Editor’s Note: Last week we posted the story of Afro-Cubans traveling to Sierra Leone to trace their roots. The trip was documented by Dr. Emma Christopher for her documentary “They Are We”. Below is Dr. Christopher’s and the traveler’s accounts of the trip.
Alfredo Duquesne and the rest of the Gangá-Longobá cross the Taia River, reversing their ancestor’s journey into slavery
Crossing the Taia River, deep in the interior of Sierra Leone, Alfredo Duquesne suddenly became agitated. He had never left his native Cuba before, and now he was half the world away, in a tiny dugout canoe crossing the swift-moving river. It was not the danger that was unsettling him. The sufferings of his ancestors at this place were taking their toll. ‘I felt their cries,’ he explained later, ‘and I could imagine the desperation and anguish showing on their faces.’ Alfredo’s sorrow soon turned to delight. His journey was, at least in part, vanquishing the sufferings of his ancestors who had once crossed this same river in chains. Incredibly, he was reversing their journey and returning home. I had spent two years searching throughout part of West Africa for evidence of the origins of Alfredo and his extended family group, who are known in Cuba as the Gangá-Longobá.
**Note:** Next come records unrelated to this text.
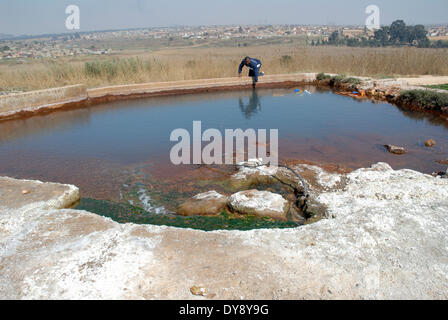 L'Afrique du Sud, zone de Witbank, 2 septembre 2008 : le militant écologiste, Matthews Hlabane, explique comment l'eau s'écoule d'AMD Banque D'Images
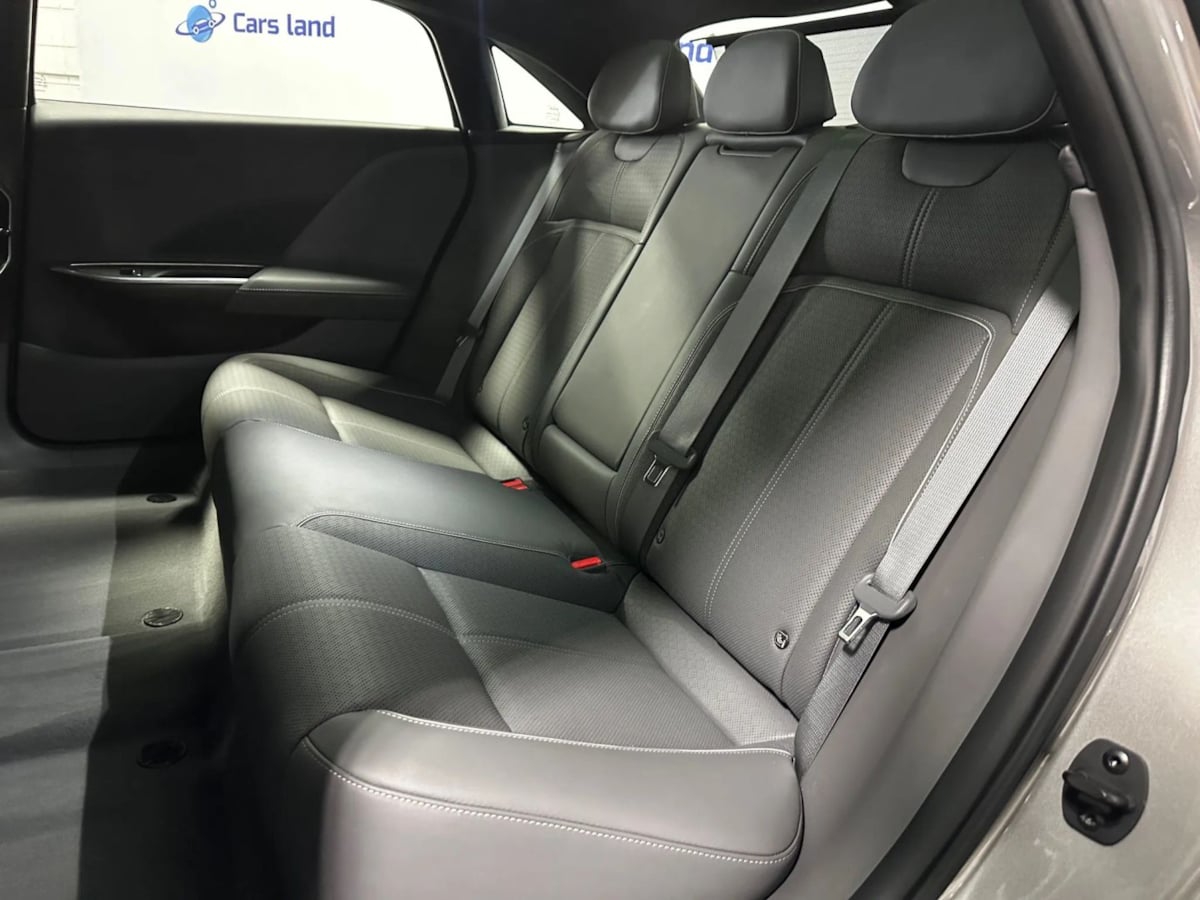 2022 Lucid Air Grand Touring photo 17
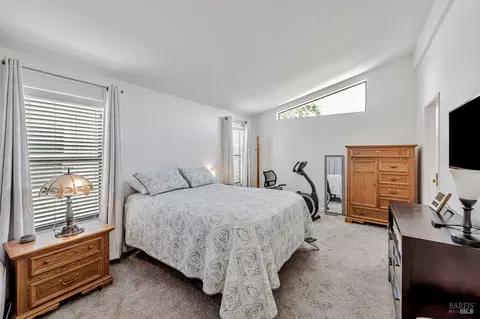 1955 Pinercrest Dr #227, Santa Rosa, CA 95403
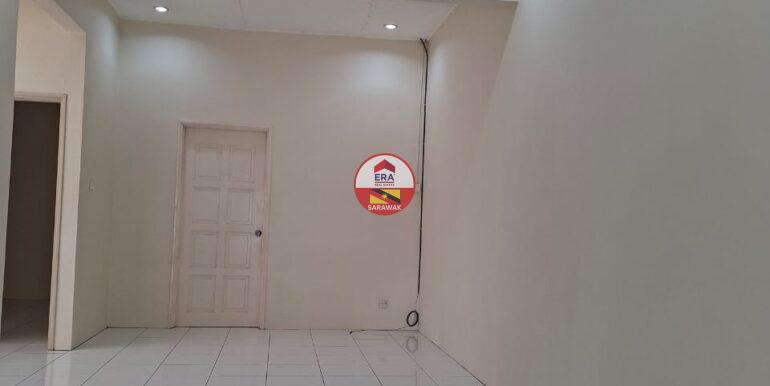 WhatsApp Image 2026-09-28 at 15.22.02 (1)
They have kept alive their ancestral heritage, protecting its uniqueness from the much more common Afro-Cuban practices such as Santería and Palo Monte. Intrigued to find out whether their roots could be traced, I recorded their songs and dances and then asked several thousand people across Sierra Leone, Liberia and Guinea if they recognized anything. Eventually, all roads led to Mokpangumba, a tiny, remote village in of Sierra Leone. The first time I ever visited Mokpangumba, the people’s reaction to my recordings of the Gangá-Longobá was so astonishing that it took me two years to fully process, and then explore and interrogate, their certainty. ‘They are we!’ they cried upon hearing and then joining in jubilantly with the Cuban songs. Their claim to kinship with the Cubans was quick and irrevocable: In their minds, the Cubans they were watching had to be the descendants of one of the people stolen from their village, as how else would they have so much of the same cultural heritage? ‘Nobody else practices this culture,’ said Solomon Musa, a local schoolteacher, ‘they must be our people’, before adding, ‘we are full of joy!’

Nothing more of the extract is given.